Crowdsourcing Common Sense

Recently I set up an experiment to create a dataset of human judgements about objects and places. The subjects are asked to rate the likelihood of an object to be found in a place (both from Wikipedia) from unusual to usual. The goal is to create a gold standard against which we can evaluate our AI algorithms.

With this premise, I was finally able to try out Crowdflower, a platform for crowdsouring that has grown popular within the NLP community, where creating a human-annotated gold standard is a common occurrence. I uploaded a dataset made of 2,000 object-room pairs, wrote the task description and instructions, designed the survey’s look and feel and fiddled with the options. Crowdflower gives the customer a good deal of freedom in terms of customization of the task, funding, and the contributor base.

I launched the job yesterday and in a few hours it was complete. It is actually only half done, since I’m waiting for the pro account to be activated, but it’s enough to evaluate the result. Looking at the aggregated answers, which include confidence scores based on inter-rater agreement, I’m very happy. The results make sense, there is plenty of valuable information, and I only spent 45 bucks! 10/10 would crowdsource again.

Now, what I have learned:

You’ve got to treat your contributors right.

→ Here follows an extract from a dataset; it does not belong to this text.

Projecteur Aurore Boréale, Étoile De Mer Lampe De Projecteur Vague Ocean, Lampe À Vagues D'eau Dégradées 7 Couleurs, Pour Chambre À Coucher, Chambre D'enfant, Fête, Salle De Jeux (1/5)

Contributors are human beings and they demand respect. Times have changed and ethical concerns have been risen (see for example this 2011 paper, now Crowdflower contributors will rate your job an a variety of factors including how much you pay for task and the fairness of you test questions. I’m not sure of what the effect of a negative rating could be on your job, but I guess it affects at least its visibility and popularity, and ultimately the time it takes to complete and the quality of the answers.

Crowdsourcing is not for the faint of heart.

We are used to run experiments on our PCs, looking up the results, changing a parameter here and there, rinse and repeat. With crowdsouring, especially when money are involved, it’s a different story. I spent more than I’m willing to admit triple checking every single detail of my data, options, interface, you name it. Because when the button is pushed, the machine starts. (To be fair, you can pause the job at any time and update the options, but one should be careful to preserve consistency of the results).

Internet people are mean.

OK, that’s not really news at all. I was still surprised, though, when I opened a test question that had been contested by too many users, only to find comments such as “whatttttt???”, “What did you smoke???”, “What a load of rubbish”, “what kind of drugs are you on??”, and my favourite: “Worst. Task. Ever.”.

Interesting experience overall. I definitely learned a lot about crowdsourcing human judgements, and about the Crowdflower platform. For those who want to try, the basic account comes with a free pass for a max. 1,000 rows dataset. Have fun!

Written on March 3, 2016